Jack Sholder, modeste artisan révélé en 1987 par Hidden (Grand Prix à Avoriaz tout de même !), se fit connaître auprès des amateurs d'horreur avec ce premier long abordant le psycho-killer parmi la présence d'un trio de vénérables vétérans (Martin LandauDonal Pleasance et Jack Palance). Ainsi, à partir d'une idée simple mais originale (profitant d'une gigantesque panne électrique, quatre psychopathes s'échappent d'un asile  pour semer la terreur chez une famille ricaine), Jack Sholder réalise un petit miracle d'efficacité où terreur et humour noir se télescopent harmonieusement. Et si certaines situations s'avèrent éculées, son réalisme inopiné (renforcé du jeu étonnamment convaincant des interprètes, notamment auprès du jeu naturel de l'attachante Elizabeth Ward du haut de ses 12/13 ans) ainsi que la dérision macabre que le réalisateur emploie avec sagacité permet d'y détourner les clichés, effets de surprise en sus. Je songe surtout à la séquence du "monstre du placard" illustrant un jeune couple en étreinte réfugié sous la couette alors que l'un des tueurs est planqué à un endroit inhabituel de la chambre ! Mais bien avant ce principe ludique du huis-clos cauchemardesque, Jack Sholder cumule les séquences humoristiques ou saugrenues en nous présentant les patients de l'hôpital que le Dr Leo (Donald Pleasance toujours aussi naturellement magnétique) éduque avec un humanisme lunaire. Une première partie fort plaisante donc traité avec réalisme décalé, notamment lorsque le Dr Dan Potter (endossé avec aplomb par le méconnu Dwight Schultz) s'invite dans une boite punk sous l'influence de sa soeur et de son épouse. 

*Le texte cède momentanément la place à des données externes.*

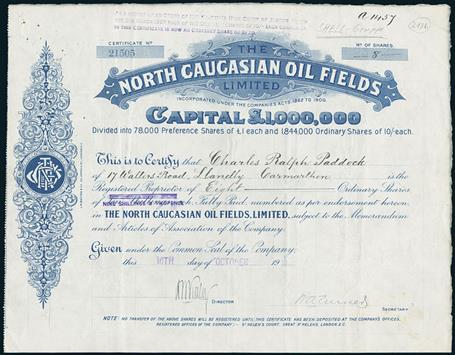 North Caucasian Oil Fields Limited. Certificate 8 Shares. 16. October 1919. #21505. The company was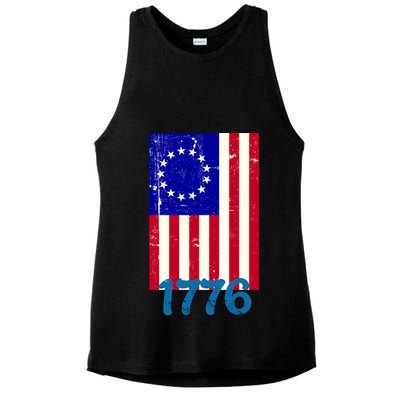 Vintage Betsy Ross American Flag Ladies PosiCharge Tri-Blend Wicking Tank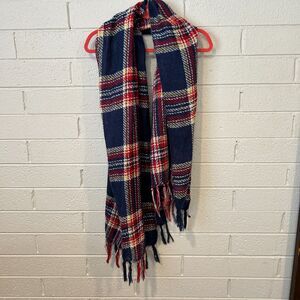 #8539 SIMONETTA BLUE RED CHECKERED TARTAN CASHMERE SCARF 29X70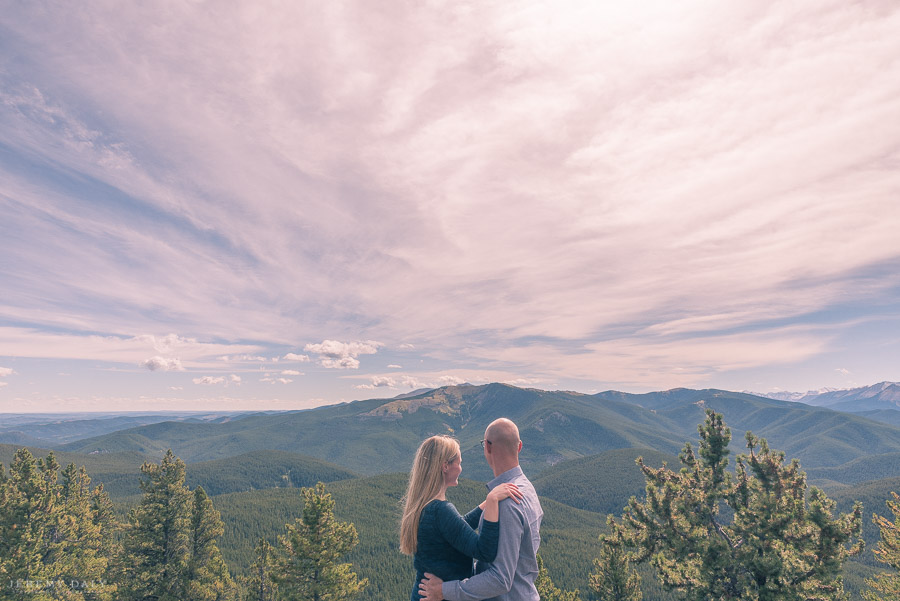 Banff Helicopter Engagement Photos on top of mountains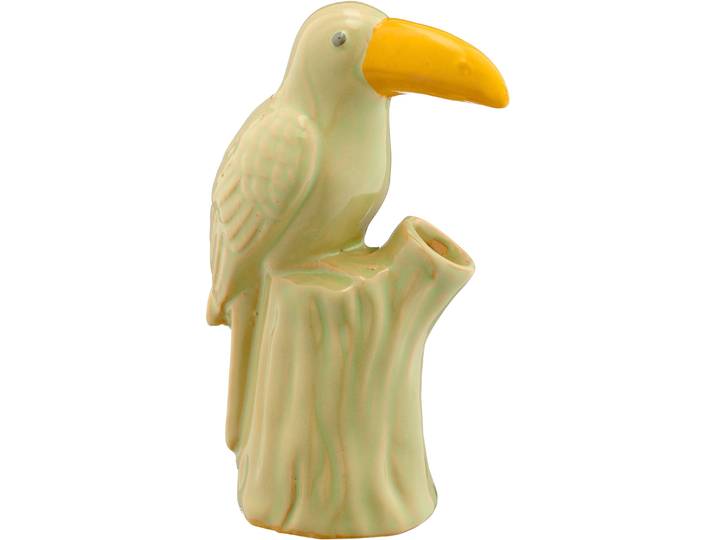 Tischvase CREATIV HOME, gelb (grün), B:11,5cm H:16,5cm T:6,5cm, Vasen, Tischvase, im Tukan-Design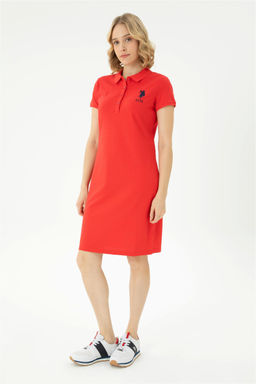 Женское красное трикотажное платье - U.s. polo assn фото 8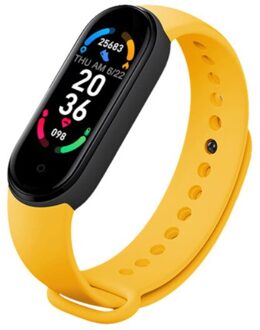 Fitness Tracker Hartslag Bloeddrukmeter Kleur Screen IP67 Waterdichte Mobiele Telefoon M6 Smart Armband Horloge geel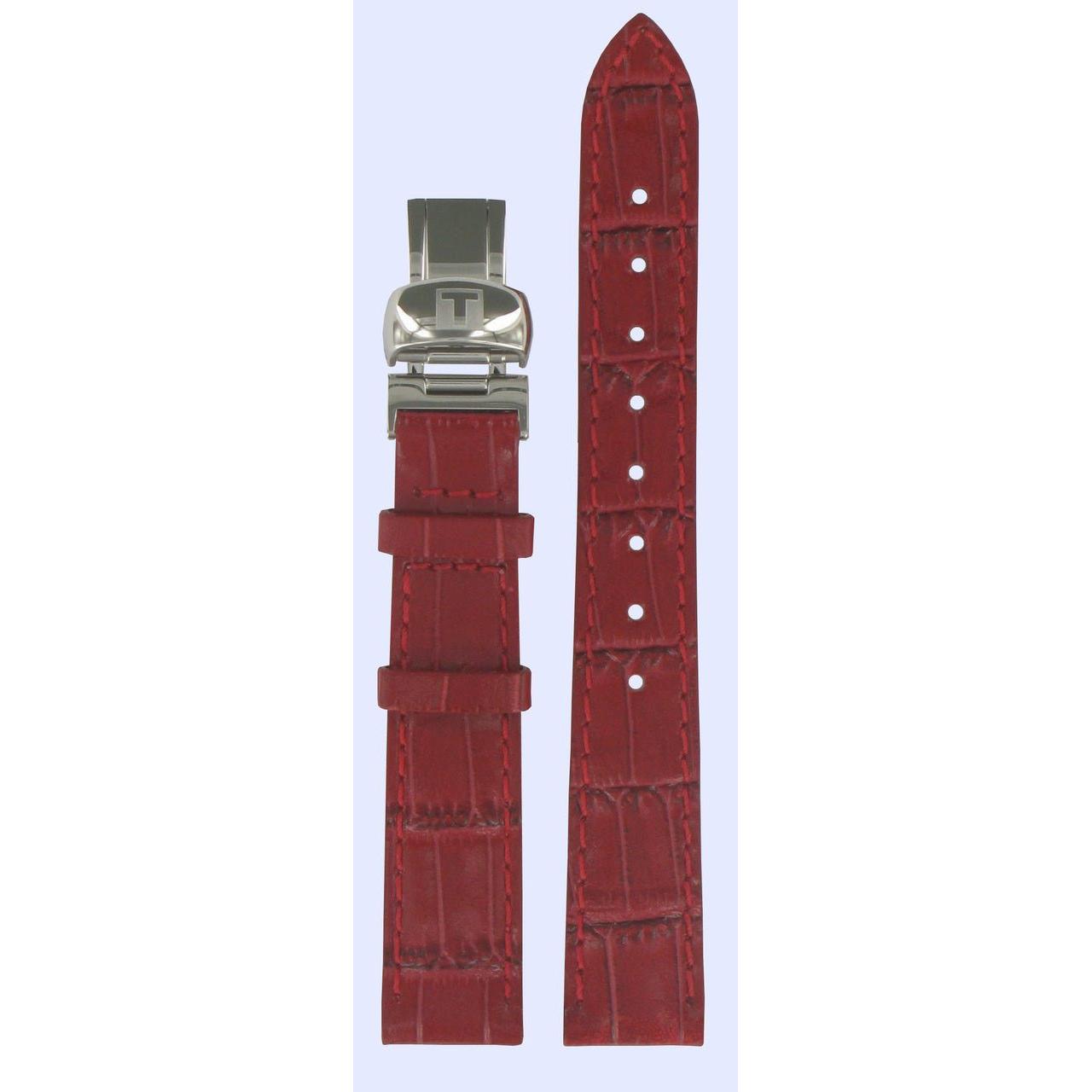 Tissot T22116181 Watch Band T600020531 Red Leather 14 mm PRC 100 - Watch Plaza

Par cette occasion débridée d'ambiance de carnaval (les chanteurs sont affublés de costumes horrifiques), les nostalgiques de cette tendance musicale marginale éprouveront les joies festives de la danse désordonnée du Pogo. Alors que dès que nos quatre demeurés se retrouvent en liberté pour se venger du suppléant Dan Potter (car persuadés que ce dernier est responsable de la mort de l'ancien praticien), le film s'adonne à une série de péripéties meurtrières renforcées d'un humour noir irrésistible. Il faut dire que nos quatre lurons s'en donnent à coeur joie pour perpétrer leurs exactions à travers leur complicité railleuse rancunière. L'ambiance horrifico-saugrenue s'affirmant davantage vers l'ultime demi-heure, home invasion affolant lorsque la famille du Dr Potter tentera de se prémunir contre la menace externe tentant de pénétrer à moult reprise en interne de leur bâtisse. Là aussi, Jack Sholder réussit à nous convaincre d'une situation rebattue au gré de rebondissements vigoureux rehaussés de la caractérisation affolée des protagonistes usant pour autant de bravoure pour venir à bout de l'intrusion dégénérée des envahisseurs au rictus diablotin (Martin Landau en tête de peloton). Or, derrière cette satire macabre fort ludique s'y dévoile  une certaine réflexion sur la réinsertion sociale des schizophrènes en y adoptant une démarche humaniste pleinement inscrite dans la tolérance. Si bien qu'au final, nous comprendrons pour quelle véritable motivation affective nos demeurés s'étaient empressés de venger la disparition du médecin altruiste particulièrement compétent pour pouvoir les comprendre, les aimer et éventuellement les guérir.


Doctor in love
Sous couvert d'une parabole sur la névrose sociétale (un dément y est tapi en chacun de nous !), Alone in the Dark demeure donc une perle (rare) d'humour noir malencontreusement occultée de nos jours en dépit de son irrévocable efficacité à jouer au jeu du chat et de la souris sous l'impulsion d'aimables vétérans désaxés s'en donnant à coeur joie dans leurs expressions décomplexées.